An eccentric tale of a man who has been everywhere and done everything he shouldn’t.

Picture this: Nikhil Arya, a student of MIT, goes on holiday to Colombia to celebrate his graduation; next he is tortured in Cambodia; manages to reach Thailand, where he becomes a monk; finds himself in Brazil in the employ of a drug lord; marries a supermodel; becomes a dotcom entrepreneur in the USA; and ends up in India as a player in an Indian version of Russian roulette. Phew!

Arya is the star of Karan Bajaj’s new book, Johnny Gone Down. His story is not unlike that of Forrest Gump, in the eponymous novel by Winston Groom which inspired the famous movie. There too the protagonist finds himself time and again in the middle of something big (the Vietnam war, Reverend King’s “I have a dream” speech, the Watergate break-in, and so on). When asked, Bajaj readily admits that Groom’s book has had a lasting impression on him.

Bajaj has a corporate job as a brand manager at Kraft Foods in the USA, from which he took a year’s sabbatical to go backpacking around the world. Out of that trip came Johnny Gone Down. “During my journeys," says the 32-year-old IIM alumnus, “I stayed at hostels and interacted with different types of people. A lot of my travel experiences have gone into [my book].”

Johnny is Bajaj’s second novel. His first, Keep off the Grass (2008), was one of the ‘campus books’ which sprang up after Chetan Bhagat’s great success with Five Point Someone (2004). Bajaj says with admirable frankness that he knew there was significant scope for improvement when he started writing his second book. Language apart, “Keep off the Grass was more ‘relatable’, while Johnny is not a character you would have met. Still, a lot of readers will connect with the ordeal he goes through.”

Though that seems improbable, readers have connected. According to Bajaj’s publishers HarperCollins India, 45,000 copies were sold in the first week after the release. Johnny is a bestseller.

“I have tried my best to make the book a pacy and easy read for the readers,” the author says. With its unlikely plot, action and far-flung locales, the book works like a thriller movie — logically weak but able to grab and keep the attention. However, there is another advantage which Bajaj can claim: Johnny, though hardly literary, is well written by the standards of its genre. Like any novel should, it works on the reader by how it is told as well as by what is told.

Many of Bajaj’s peers among Indian authors of ‘light reads’ appear to be influenced by Bollywood’s taste for books that can easily be turned into movies. While reading their books, the reader might be forgiven for thinking he or she is skimming a screenplay. “I can’t speak for others but that never has been my intention,” Bajaj says. Given a choice, he adds, he would pick the book being read by more people over a film deal.

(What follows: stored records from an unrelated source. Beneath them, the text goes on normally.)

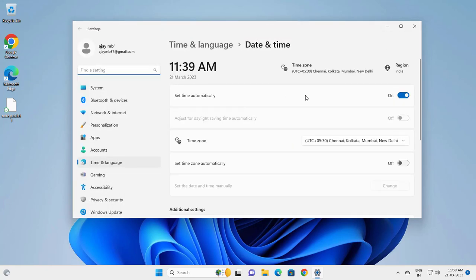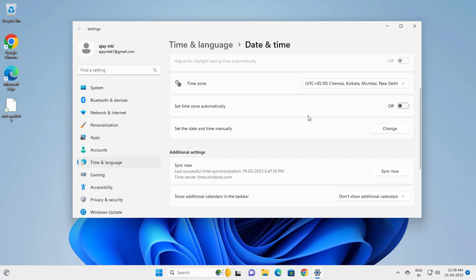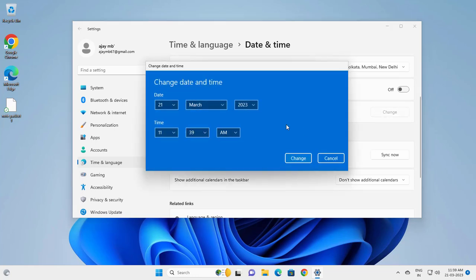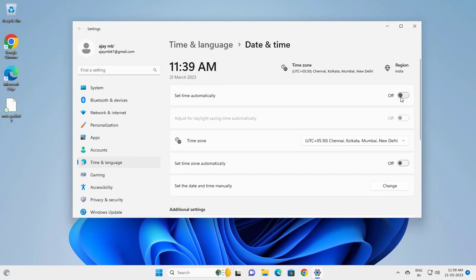If you need to set the time manually, you need to disable 'Set time automatically' and set the date and time manually. You can change it here and set whatever you want. I'm going with automatic for now.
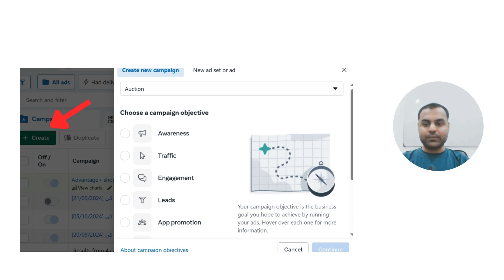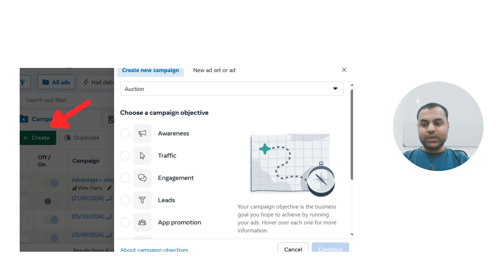Each objective aligns with a different business goal, and you can hover over any option for more information. Once you have selected the objective that best suits your needs, simply click Continue to move on to the next step.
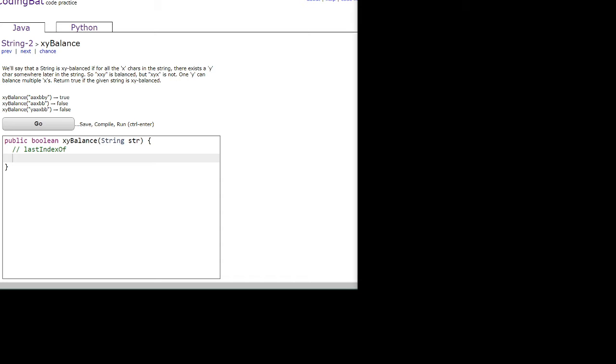So how do we find the position of that last y character and the position of the last x so we can determine if it is xy balanced? We can use the lastIndexOf method, which is a string method you can use to find the last index of a character.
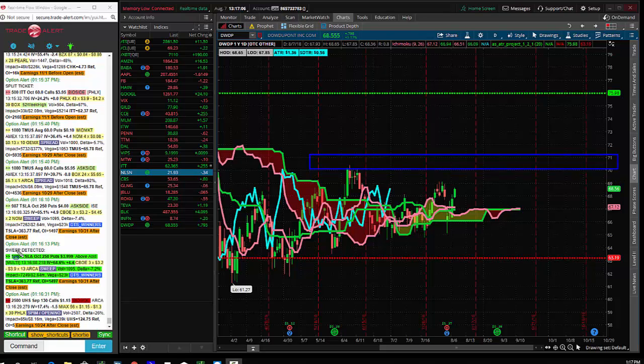Keep an eye on DWDP, calls being bought, pretty large here, $1.8 million bet. Thanks, and we'll run it back tomorrow.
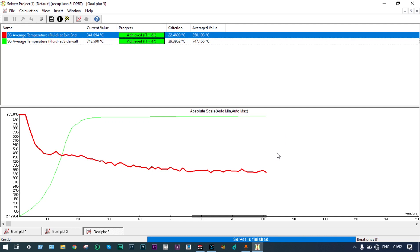The solver is finished. We got our final results, which we can check from the solver window itself. The average temperature at the exit end is 350 degrees centigrade — so we got a reduction in temperature. The second result: we provided preheated air from the side walls at 250 degrees centigrade, and finally we got the temperature of the heated air as 747 degrees centigrade. That means it gained approximately 500 degrees centigrade — a huge amount of temperature gain.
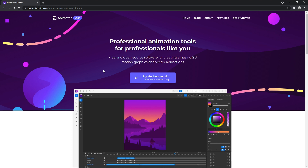Hello and welcome! My name is Chris and in this video series I will show you how to use Expressive Animator. Let's begin.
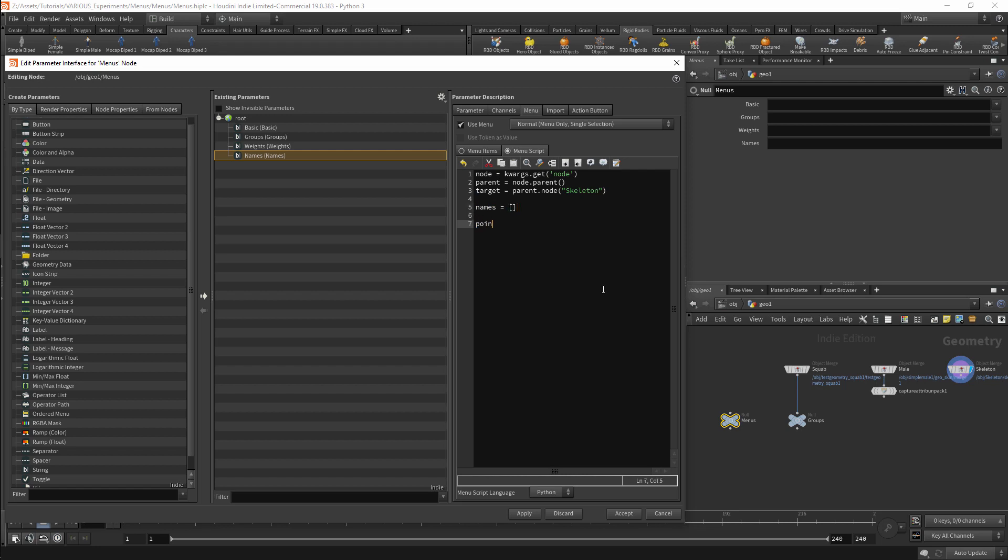For point attributes we will want to reference the points instead of the geometry. I will do this with target.geometry.points. This will give us a list of all the points on the geometry. We can now loop over the points with for point in points.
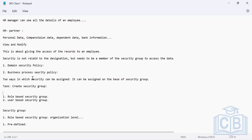In the next part on role-based security groups, role-based security works on the organization level. When creating this type of group, the first step is not to create the group — the first step is to create a role.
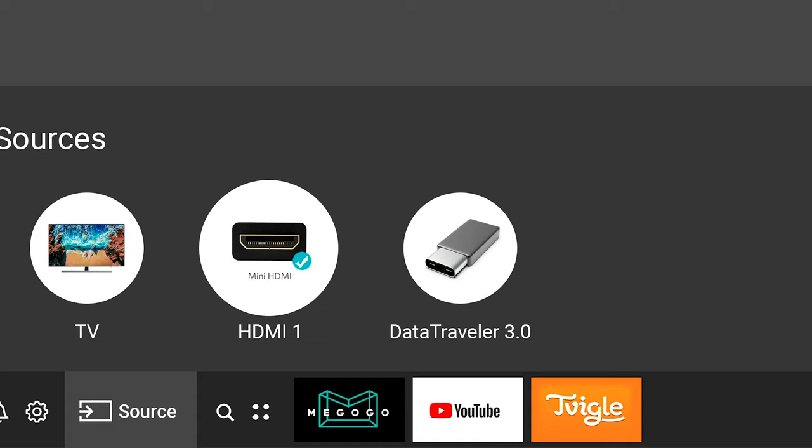On the TV, select the HDMI port as the input source, and the TV will receive the image automatically. If it doesn't happen, change the display settings on your phone.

Apart from the travel, part of the work that went into this book was reading and observation. Bajaj says he read a lot about political unrest in Cambodia, life in the favelas (slums) of Brazil and so on, and tried to incorporate what he learnt in his book. Yet he seems to have neglected his characters. Other than the protagonist, Nikhil Arya aka Johnny, the other characters are not well fleshed-out — even important ones like the drug lord for whom Arya works in Brazil, or the Buddhist monk who takes him under his tutelage in a Thai monastery.

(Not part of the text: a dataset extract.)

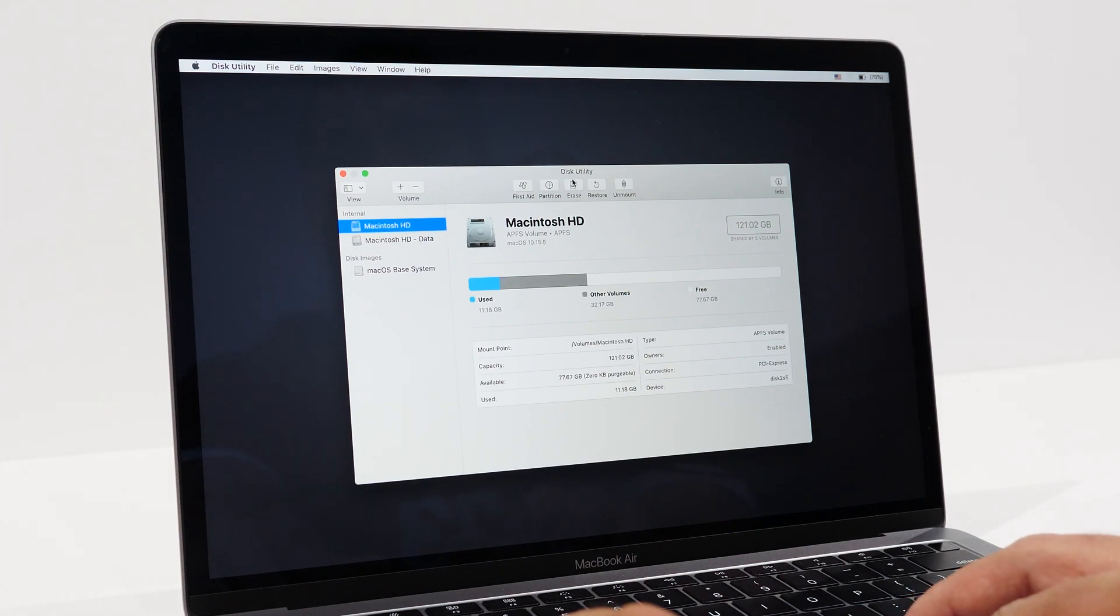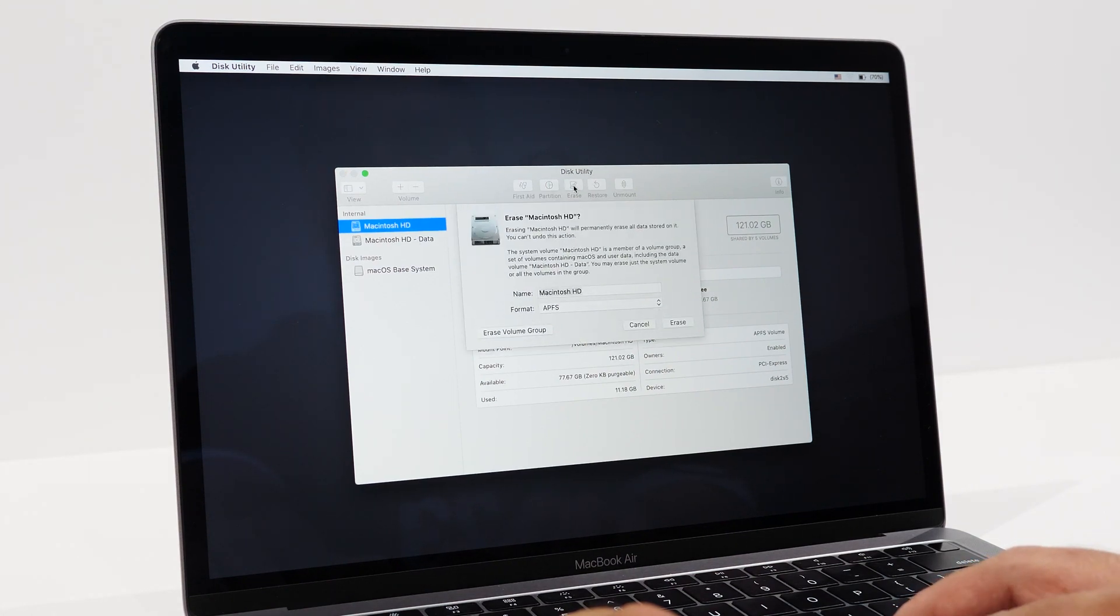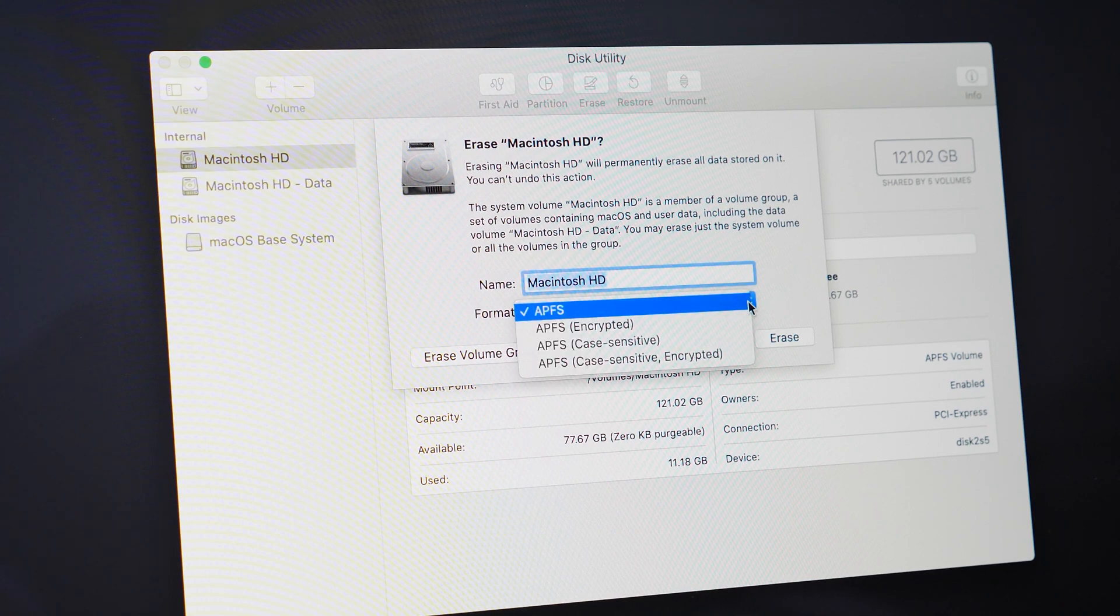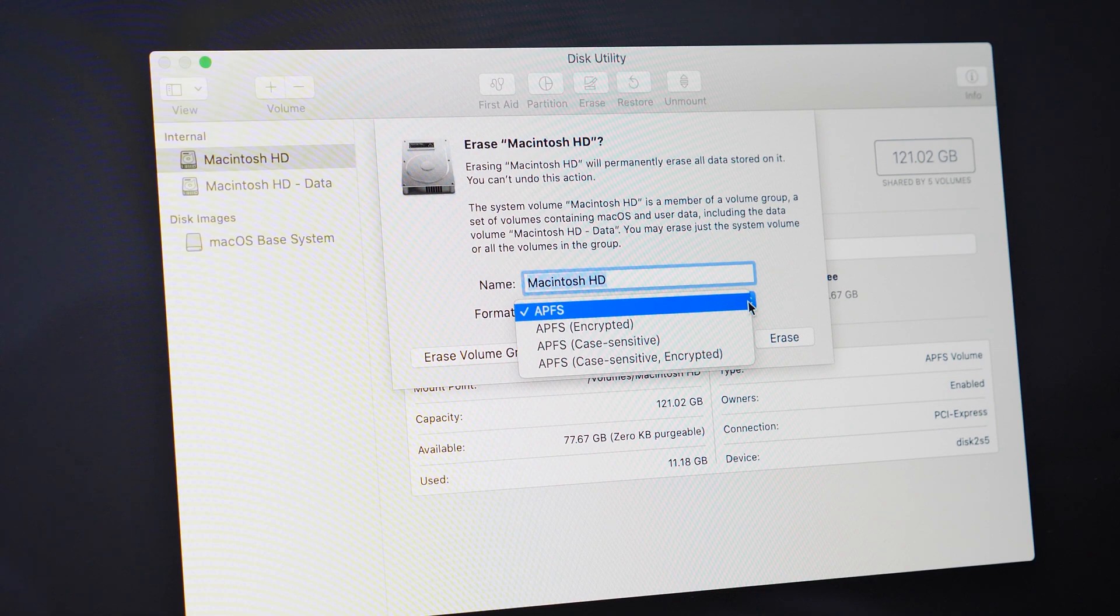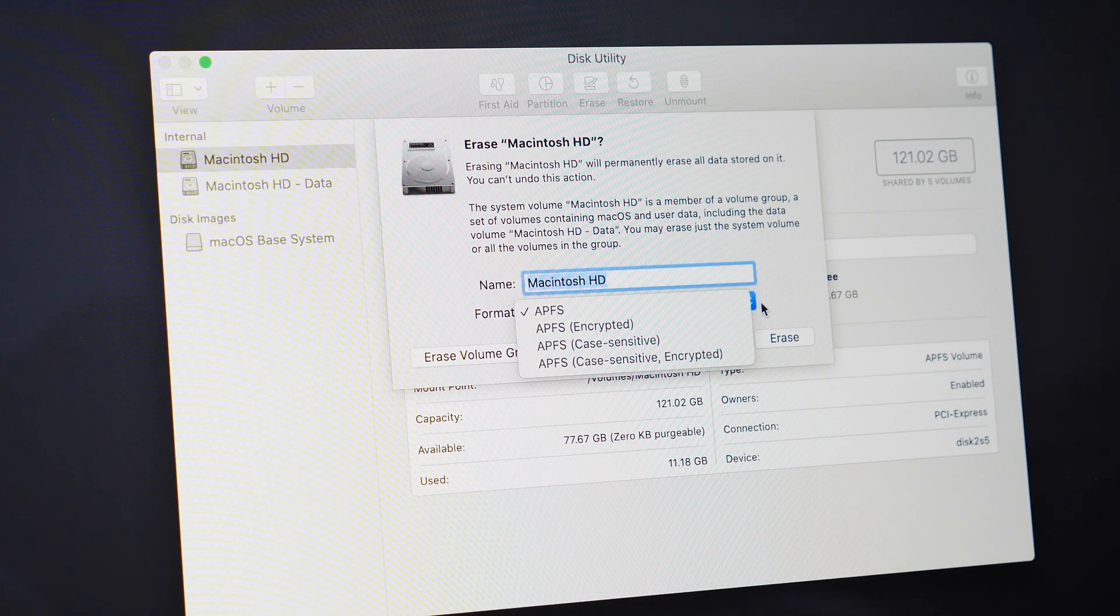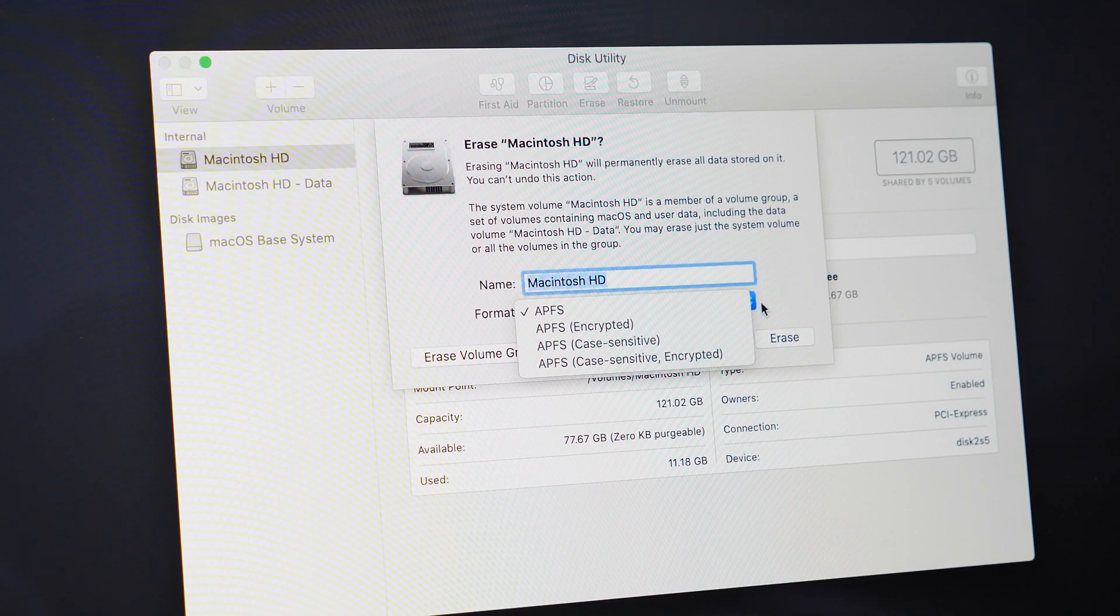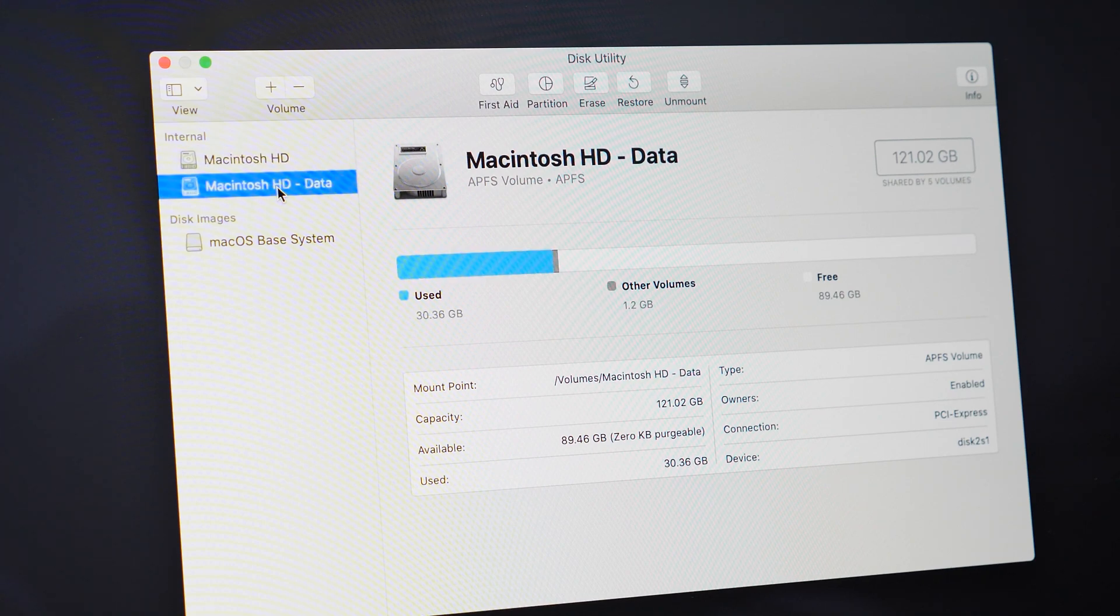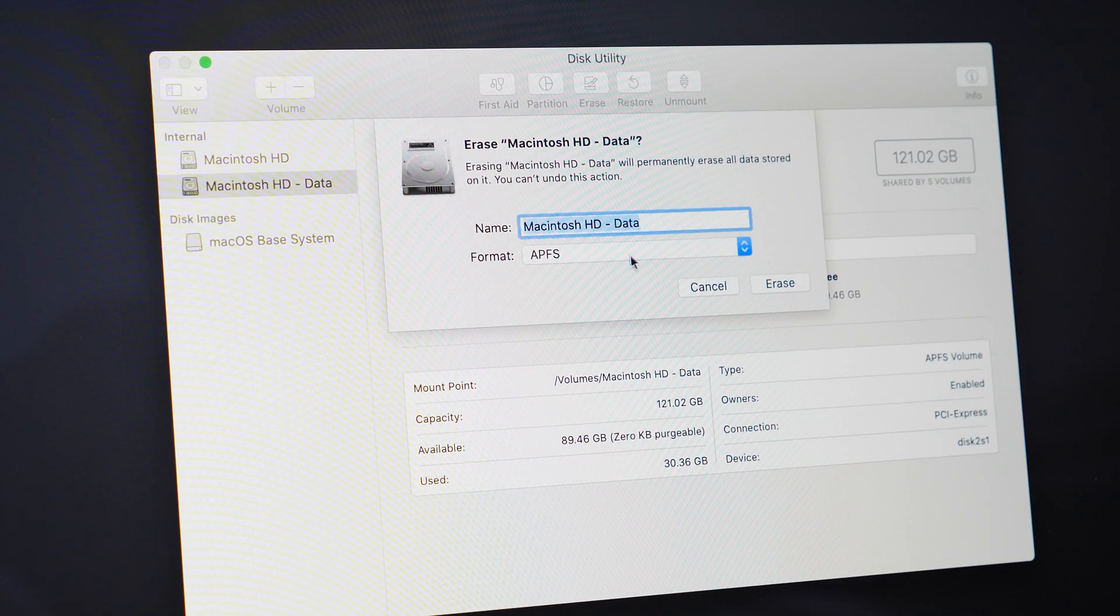Go ahead and start selecting a couple of them and hit erase. When selecting format, a lot of older Macs might not have the same options as me. If you see Mac extended journal, go ahead and select that one. If you see APFS, that's preferred. If you see Mac extended journal and APFS, then go ahead and select APFS anyway. I can see that this one is white, so I'm going to go ahead and select the second one and then hit erase as well.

Perhaps because Bajaj wants to give his protagonist so many situations and experiences, he overloads Arya’s character. Arya is a martial arts expert, learns computer languages in a few days, creates a software along the lines of Secondlife.com, and so on, and yet he does not want money or any of life’s other pleasures. The portions where Arya becomes an IT entrepreneur and a bit of a delusionary are quite over the top. Very soon the reader realises that the story is essentially predictable; Arya may commit stupid mistakes, but he will always emerge the hero.

But Bajaj is happy with his book. “No matter what they say this time, I know I’ve written a pretty good novel. :)” he says on his website. And he is delighted with the response Johnny has received. “I haven’t given it a thought as of now,” he says about a third novel. “I can choose what I want to write and not fall into the trap of what is the flavour of the season in the publishing industry,” Bajaj says. His first book veered very close to that trap, but his second is nowhere near it.